そう言って見せられた画面に表示されていたのは以下のものだ。


【Name】ミツバ/17age/female

【LV】1 (ハイヒューマン)

【meinJOB】遣異界使(ゲスト)lv1 【subJOB】blank 

【HP】320/320 【EYE】38/38

【MP】333/333 【SEN】35/35

【ST】■■■■□□□□□□

【DOF】■□□□□□□□□□


<ETH>15 【STR】20 【AGI】18

<AST>17 【VIT】20 【MND】19

<CAU>17 【DEX】24 【INT】26


【ATK】420(+0)【M-ATK】481(+0)

【DEF】300(+0)【M-DEF】285(+0)


>>skill

<ActiveSkill>

●Auto1 A-2 +

【弓技Lv1】▽【火魔法Lv1】【識別Lv1】【手品Lv1】【サバイバルLv1】

Manual

【☆無属性魔法Lv1】【水魔法Lv1】【結界術Lv1】

【工作Lv1】【錬金術】


<PassiveSkill>

〔CQCLv1〕

〔音感Lv1〕

〔ストレス耐性Lv1〕

〔疲労耐性Lv1〕

〔超回復補正〕


<language/knowledge>

〔一般共通語〕▽

〔一般知識〕▽

〔分類Ⅰ:知恵袋Ⅰ〕

〔分類Ⅱ:近接戦闘知識Ⅰ〕


<title>

〔トリフォリロの加護〕

〔異世界から降り立つ者〕


『名前が、ミツバ……?』

『それがあなたの名前よ。記憶喪失・・・・ボーナスは初期BP度外視のスキル獲得で……』

『記憶喪失?』

『あっ』


 しまったという顔で固まった。が数秒も経たない内に誤魔化す方向へ舵を取ったようだ。

 トリフォリロが指をパチンと鳴らすと光がミツバの胸の上に集まる。

 眩しさで目を閉じていたのを開けると、首に金古美の細長いダイヤルをペンダントトップにしたネックレスが掛かっていた。

 

『詳しくはヘルプで調べたら分かるようにしてるから!』


 じゃそゆことで!

 バカン! と足下の床が開き、ミツバは突然の浮遊感で目を白黒させた。

 トリフォリロが敬礼擬きで『比較的安全な街か村近くの森とかに着地するはずだからー』と送り出す。


『はっ!? ちょ。嘘でしょ!?』


 そして、ミツバは落下の浮遊感で意識を落としたのだった。


※※※※※※※※※


「……つまり。私は記憶喪失中で、見知らぬ土地に落とされた、と」


 しかもほぼ何も説明されてないに等しい状態なのは、何人も相手にした後のとばっちりのようだ。ヒューマンエラーならぬゴッデスエラーってか。

 ……現実逃避はそろそろやめよう。


 回想よりもっと前の記憶は確かに思い出せない。

 肩から伸びるロングの後ろ髪はミルクティーゴールドなのに前髪は黒と、どういう生き方をしたらこんな髪になるのやら。

 あの画面で名前だけでもわかったのは幸いだった。


 ずっと横になっているわけにもいかないので立ち上がる。

 着ている服を確認する。

 簡素な生成りのTシャツ擬きに焦げ茶のホットパンツ。その上から2ヶ所魔法陣のような模様のついた黒のフード付きポンチョを被っている。

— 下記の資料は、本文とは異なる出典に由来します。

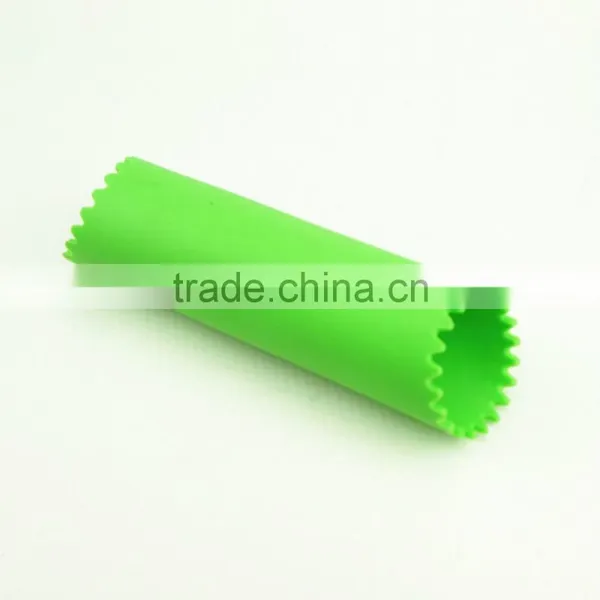 16074hot Sale Pratical Silicone Garlic Peeler photo-3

 足元はレザー製のバックストラップのついたサボサンダル風の履き物だ。

 そして首元には回想のチェーンネックレスが鈍く光っている。


 去来しそうになる孤独感を考えないようにしつつ、次に周囲を観察する。

 開けた場所ではあるが、数歩先はすべて木々に覆われている。

 一部座れるように切り株の表面が加工されているのを見るに、定期的に人の出入りがあるようだ。

 地面に生い茂っている雑草らや木々の形は、日本の物と変わらないように見える。

 だが本能的にここは知っている世界ではないと感じていた。

 空もそうだが、感じる匂いが根本的に違うように思えたからだ。

 所々に、小さな花をすすき状につけた背の高いヨモギのような植物が生えている。恐らくそれの発する匂いが主な正体だろう。

 何故かそれは『レアキロ草』だと、何時知ったのかわからない知識が告げていた。


 人が何回も通るように整備された下山道を見つけたので、降りてみることにする。

 森の中に入るかたちだが、迷うことは無さそうだ。

 木漏れ日が山道をちらちらと照らしていて長閑だ。


 長閑すぎてうっかり油断していた。


「っ!?」


 丁度、道の横合いが急斜面になっている場所での出来事だ。

 反対側からミツバのこめかみに衝撃が襲う。

 ブブッと羽音が耳を掠めたので、大きめの虫が偶然突進したのだろう。

 普通であればデコピンされたくらいの衝撃だ。

 足下がふらつく程度で、踏ん張れるはずだった。

 しかし彼女は衝撃に体を支えられず、斜面を転がり落ちてしまうのだった。



>> side Trifoliro


「あーもう。最後の最後でやらかしたぁー! 説明全然してないし、テンパって放り投げちゃたし……」


 折角ビルドさせてくれたのにヤバイよねぇ。とミツバのステータス画面を見直していて気づいてしまった。


「…………コスト計算間違っ。【結界術】コスト高くなってるの忘れてた! 魔法コストオーバーしてんじゃん!」


 もーやだー! と地面でじたばたするが、そうしたところで挽回は出来ない。

 そしてやらなければいけない仕事もまだまだあるのだ。


「まあ、他にも知力系のスキルあったしそっちが先にスキルアップすれば大丈夫だよね。【識別】とかまず使いまくる……よね?」


 そうだと言ってー! と叫んでも答えるものは誰も居なかった。